Where the source code of the Python standard library is located will depend on your operating system and on how you installed Python. However, the following locations are common:
Windows - C:\Python27\Lib
Linux - /usr/lib/python2.7/
Note that some builtins such as the math module are missing -- that's because those builtins are written in C and are baked directly into the interpreter for purposes of speed.
You should also consider taking a look at the source code for some popular 3rd party libraries. They'll vary in quality, but might be worth examining. Here's a list to help you get started.
There are many implementations of Python, such as CPython, IronPython, PyPy, Jython. The most commonly used Python is CPython. Its source code can by found at hg.python.org.
Your installation also contains source code. For example, to find the source code associate with the collections module, type the following in an interactive session:
>>> import collections
>>> collections
<module 'collections' from '/usr/lib/python2.7/collections.pyc'>
Thus you would look in '/usr/lib/python2.7/collections.py' for the source code associated with the collections module. (Note that you should remove the c in pyc from the path. The .py file is Python source code, the .pyc is byte code.)
A clean way to read this code is in the Python Mercurial repository, or in the Git mirror. (I personally find the Git mirror easier to use, but both are equally good for learning the code.)
The Git repository is at https://github.com/python/cpython/tree/2.7
The Mercurial repository is at http://hg.python.org/cpython (click "branches", then click "2.7", then click "browse")
In both of these repositories, the Lib folder is the Python standard library.
Related
I wanted to try and look up the source of some of the modules in the Python standard library, but wasn't able to find them. I tried looking in the modules directory after downloading the python tarball, but it has mainly .c files. I also tried looking at the directory where the python that already comes with the OS (mac osx) has it's modules, and there it seems to have mainly .pyc and .pyo files. Would really appreciate it if someone can help me out.

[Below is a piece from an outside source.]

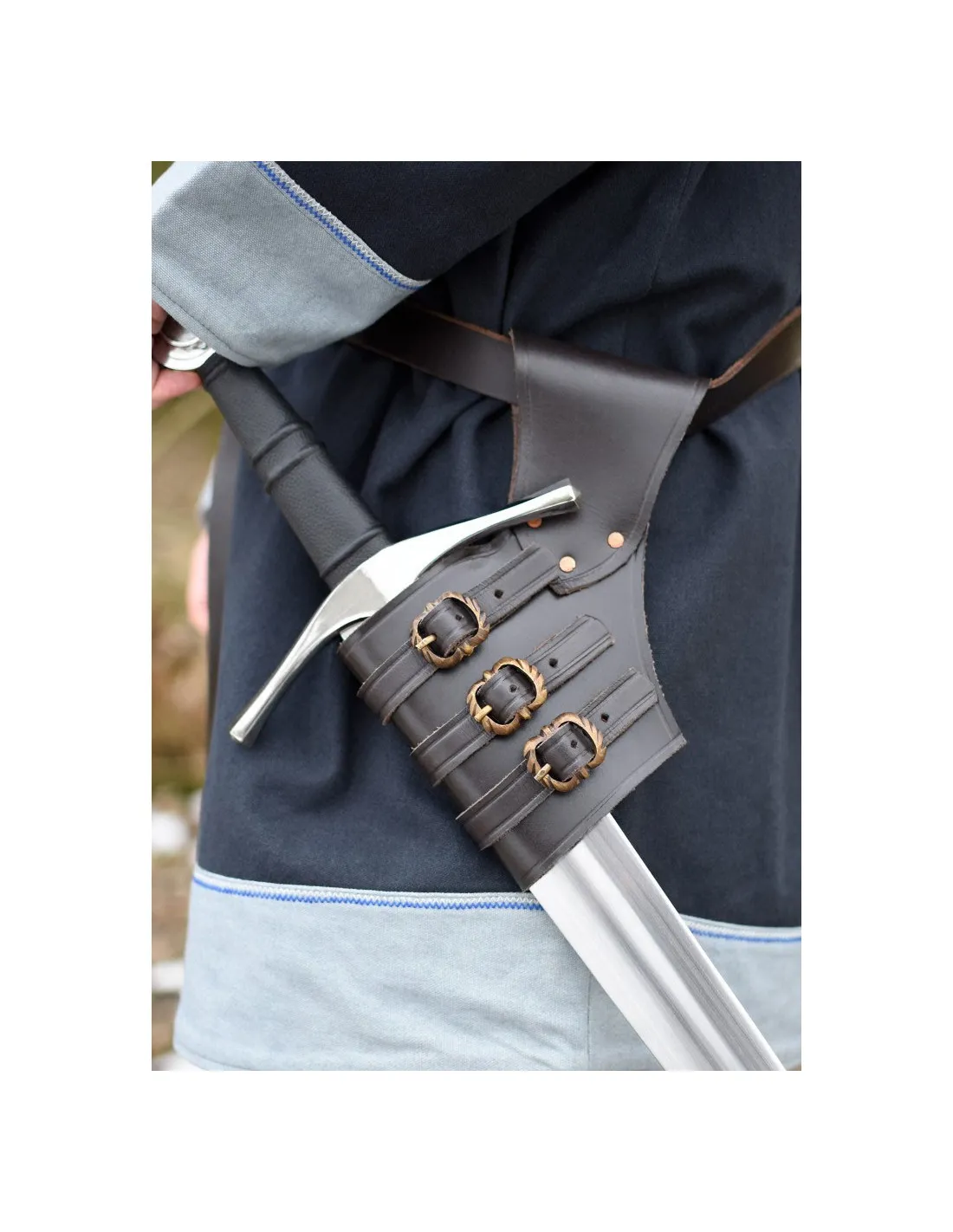 Tahalí pour épées cuir marron réglable ⚔️ Boutique Épées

(I tried what was suggested in the question How do I find the location of Python module sources? with no luck)
In cpython, many modules are implemented in C, and not in Python. You can find those in Modules/, whereas the pure Python ones reside in Lib/.
In some cases (for example the json module), the Python source code provides the module on its own and only uses the C module if it's available (to improve performance). For the remaining modules, you can have a look at PyPy's implementations.
The canonical repository for CPython is this Mercurial repository. There is also a git mirror on GitHub.
That would depend on what you define as Standard Library.
The Python Documentations says:
...this library reference manual describes the standard library that is
distributed with Python. It also describes some of the optional
components that are commonly included in Python distributions.
Python’s standard library is very extensive, offering a wide range of
facilities as indicated by the long table of contents listed below.
The library contains built-in modules (written in C) that provide
access to system functionality such as file I/O that would otherwise
be inaccessible to Python programmers, as well as modules written in
Python that provide standardized solutions for many problems that
occur in everyday programming. Some of these modules are explicitly
designed to encourage and enhance the portability of Python programs
by abstracting away platform-specifics into platform-neutral APIs.
If you take an extensive criteria, the Python Documentation explicitly answers what you're asking for, and I quote:
Exploring CPython’s Internals.
CPython Source Code Layout.
This guide gives an overview of CPython’s code structure. It serves as a summary of file locations for modules and builtins.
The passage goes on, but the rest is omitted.